## DATA LISTING
────────

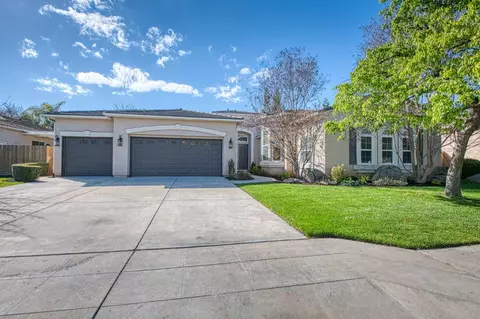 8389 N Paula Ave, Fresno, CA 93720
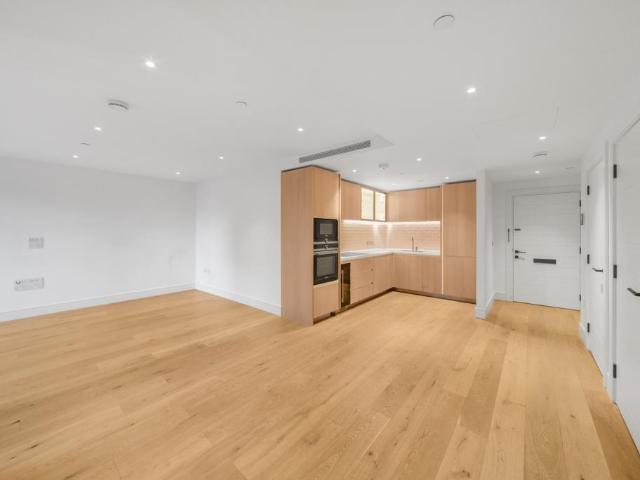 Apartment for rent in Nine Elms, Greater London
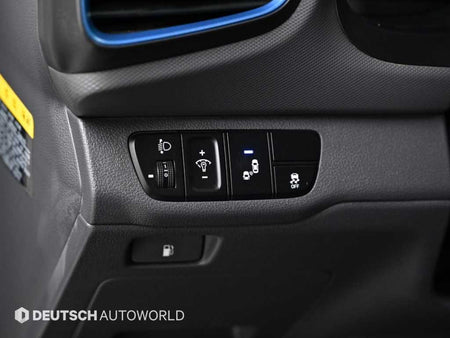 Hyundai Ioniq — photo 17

────────

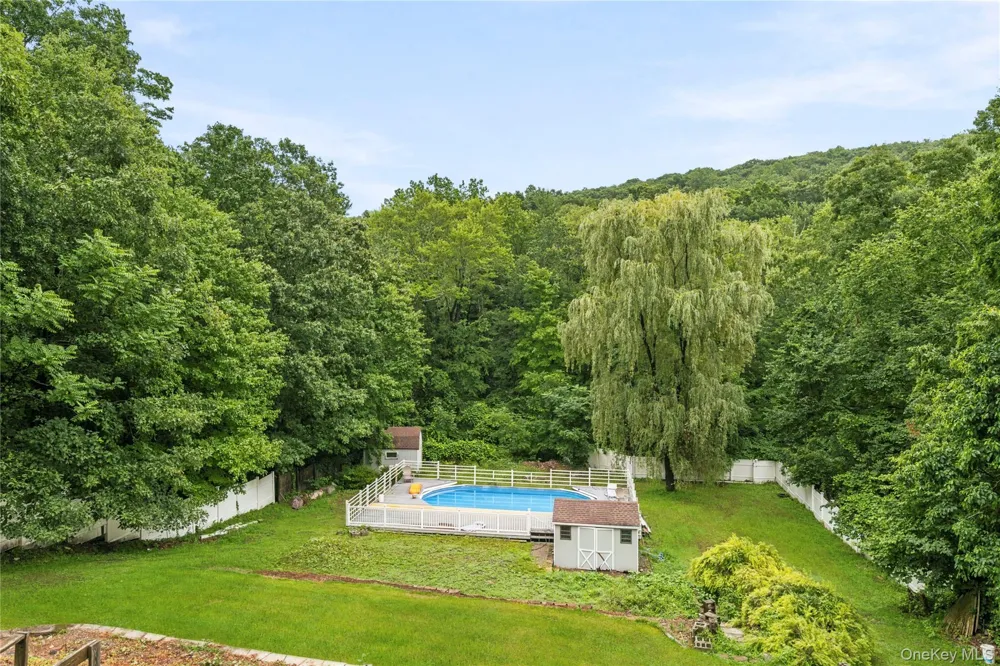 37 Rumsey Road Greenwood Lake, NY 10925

────────

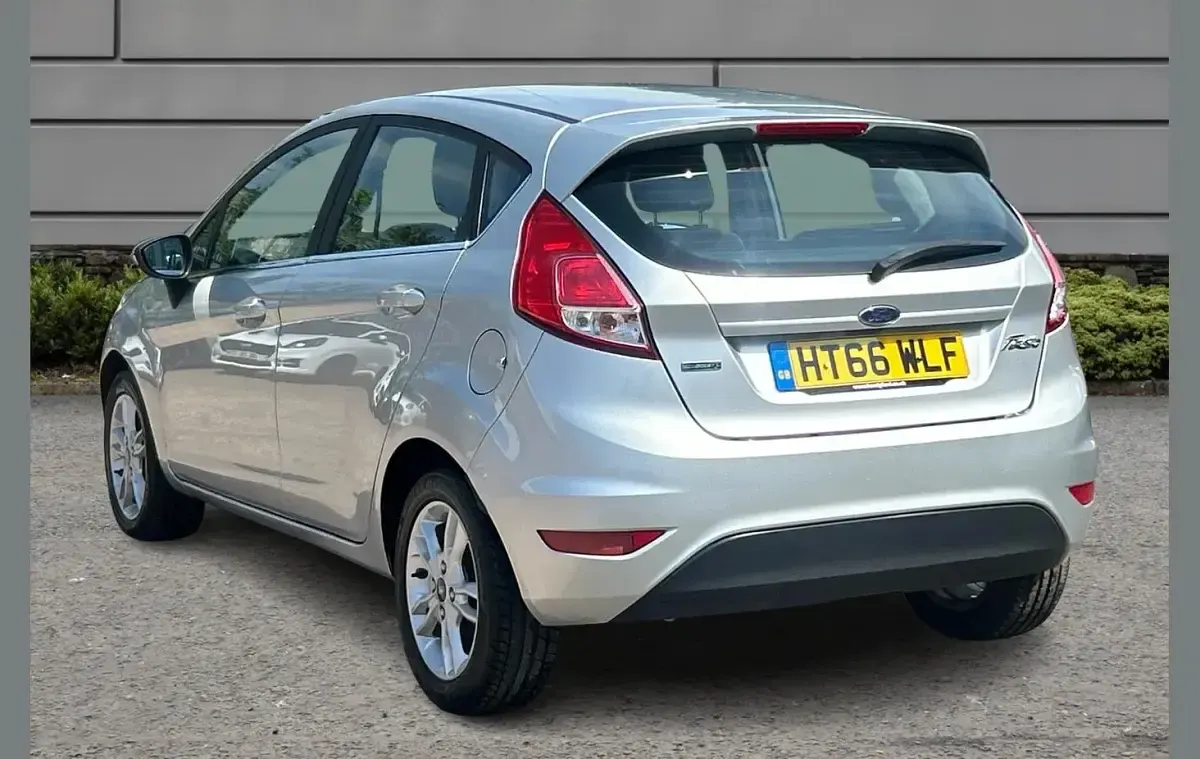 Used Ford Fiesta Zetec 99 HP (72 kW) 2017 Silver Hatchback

────────

Beginning with the line above that has "8389 N Paula Ave, Fresno, CA 93720" and going on through the line that has "Hyundai Ioniq — photo 17", retype every line exactly and add nothing else; drop the pictures.

## EXERCISE ANSWER
 8389 N Paula Ave, Fresno, CA 93720
 Apartment for rent in Nine Elms, Greater London
 Hyundai Ioniq — photo 17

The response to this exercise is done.